::: DATA RECORDS :::

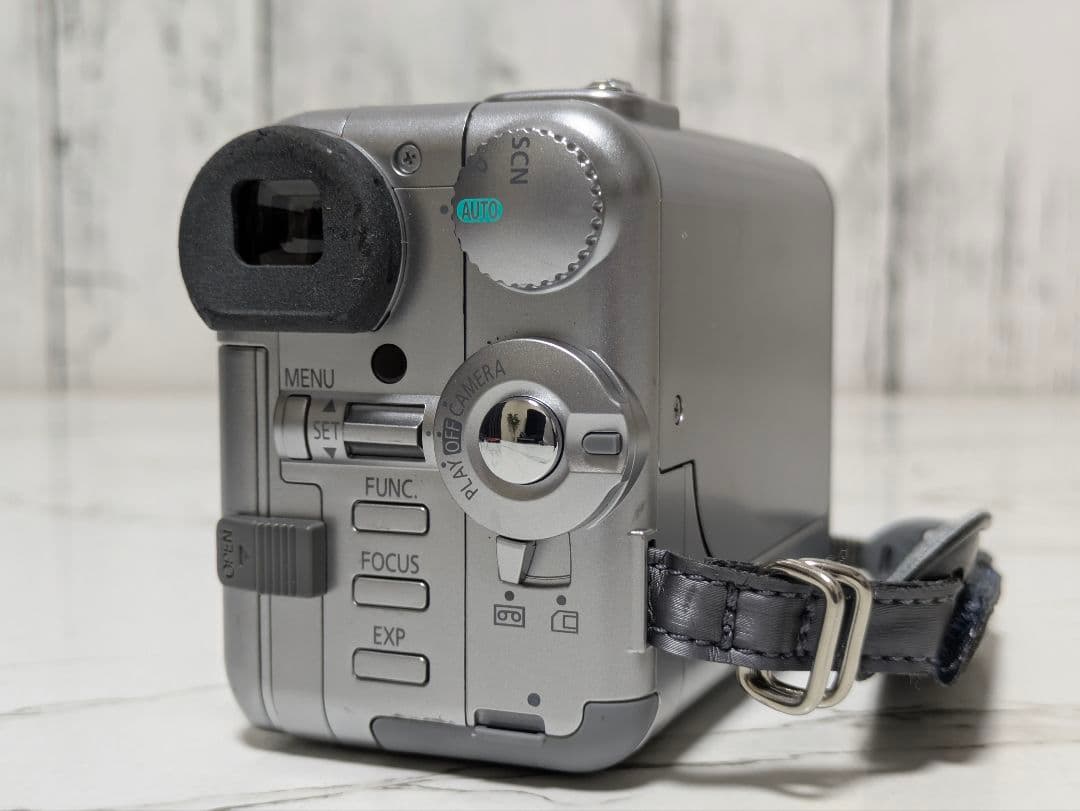Canon Video Camera Body Dm-Ixy Dv S1 Minidv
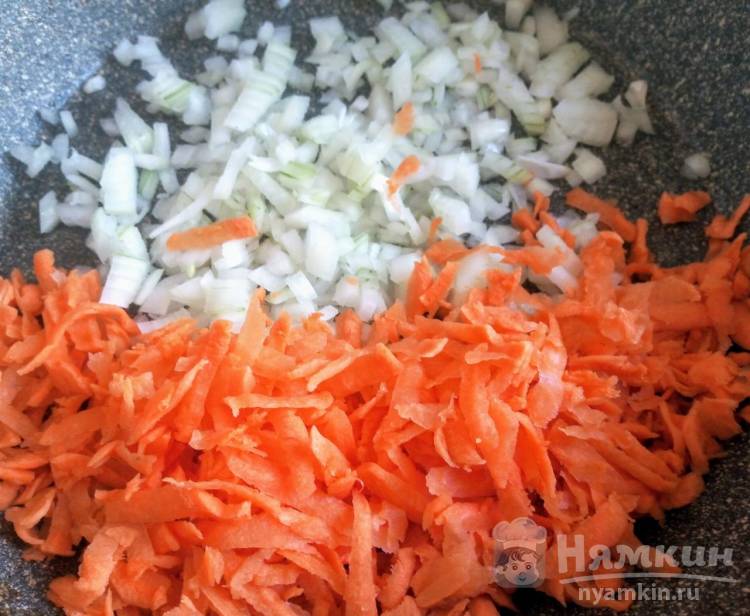Голубцы с курицей тушеные в бульоне с куркумой и зеленью - фото шаг 3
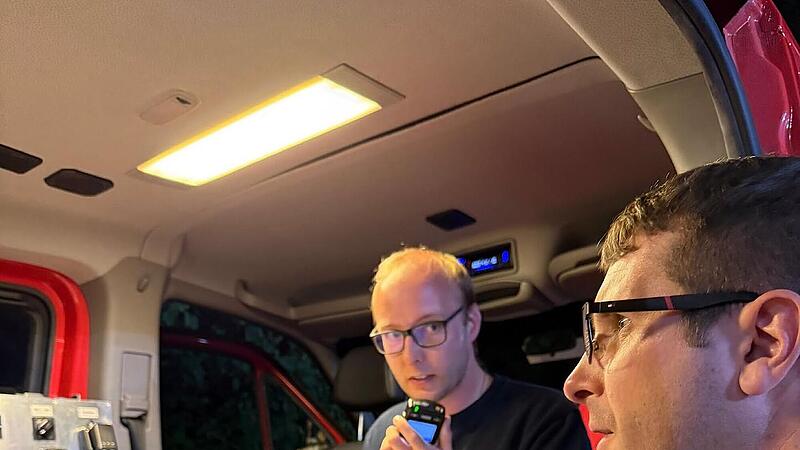 Bombenfund-Szenario in Erlangen: Evakuierung durch Feuerwehr simuliert Bombenfund-Szenario in Erlangen: Evakuierung durch Feuerwehr simuliert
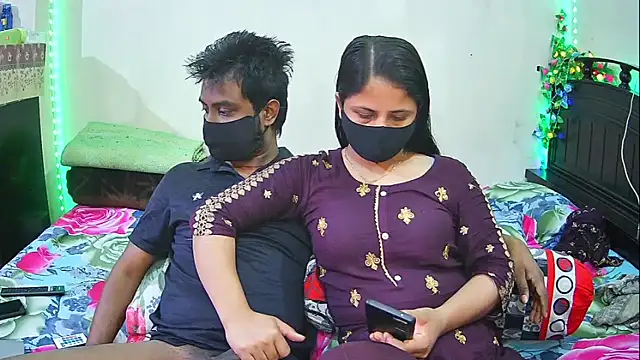 Hot Nila online show from February 17, 2026, 3:48 am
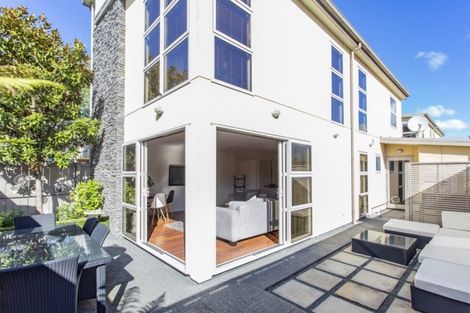 Photo of property in 6 Elderwood Lane, Edgeware, Christchurch, 8013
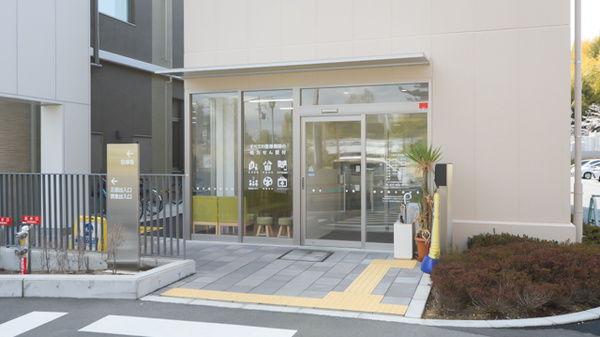 そうごう薬局　茨木豊川店の入口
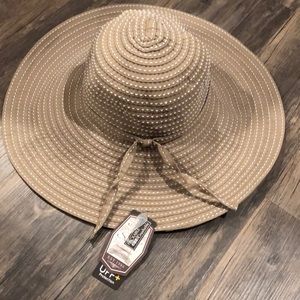 NWT Beautiful summer hat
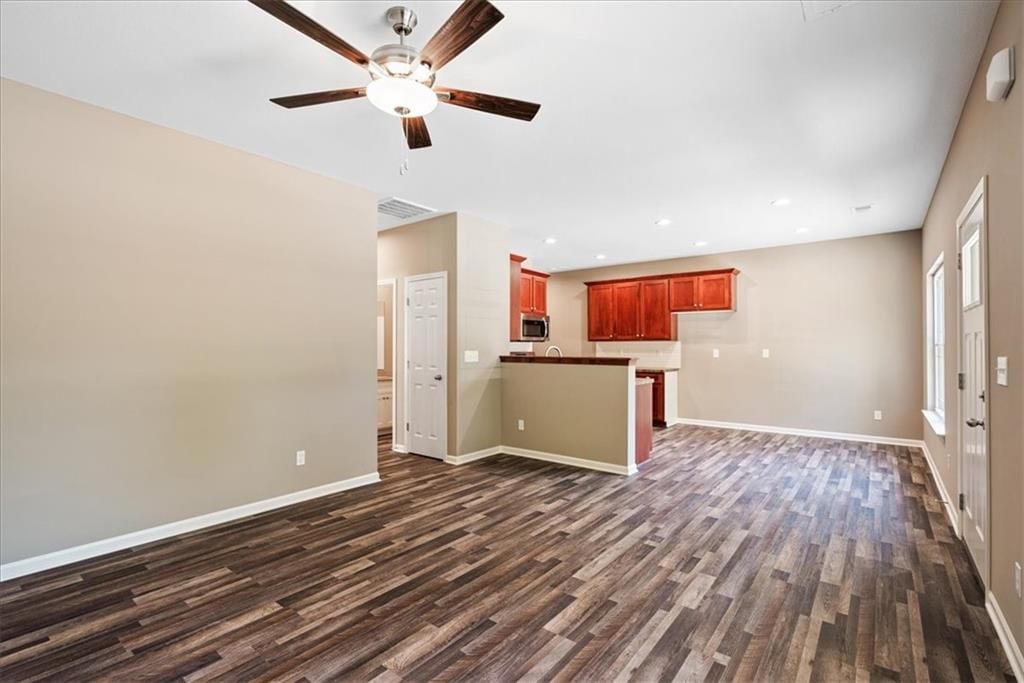 829 E 8th Street — photo 10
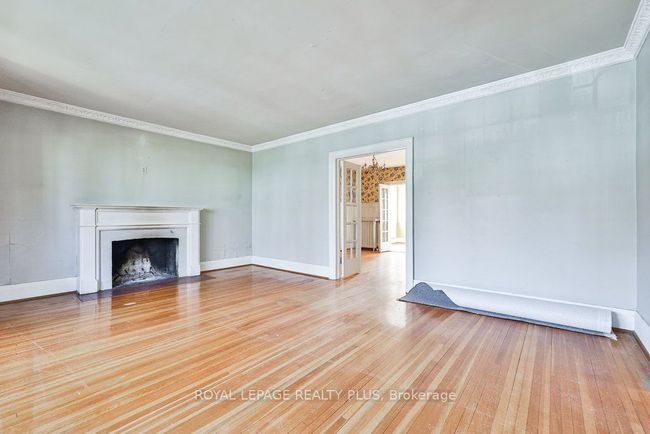 225 Glenrose Ave, House other with 4 bedrooms, 3 bathrooms and 4 parking in Toronto ON | Image 7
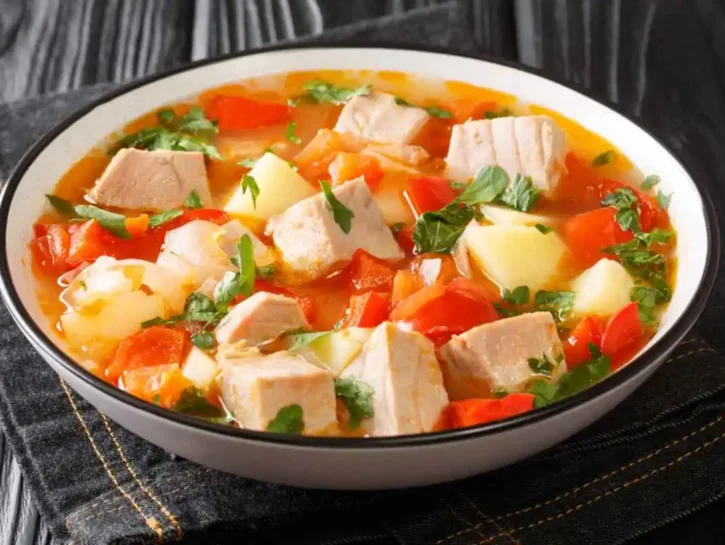 Marmitako di tonno con verdure: la zuppa basca che profuma di mare e tradizione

:::

EXERCISE DESCRIPTION: Omit every picture while transcribing the records above exactly.

RESPONSE TO THE TASK:
Canon Video Camera Body Dm-Ixy Dv S1 Minidv
Голубцы с курицей тушеные в бульоне с куркумой и зеленью - фото шаг 3
 Bombenfund-Szenario in Erlangen: Evakuierung durch Feuerwehr simuliert Bombenfund-Szenario in Erlangen: Evakuierung durch Feuerwehr simuliert
 Hot Nila online show from February 17, 2026, 3:48 am
 Photo of property in 6 Elderwood Lane, Edgeware, Christchurch, 8013
 そうごう薬局　茨木豊川店の入口
 NWT Beautiful summer hat
 829 E 8th Street — photo 10
 225 Glenrose Ave, House other with 4 bedrooms, 3 bathrooms and 4 parking in Toronto ON | Image 7
 Marmitako di tonno con verdure: la zuppa basca che profuma di mare e tradizione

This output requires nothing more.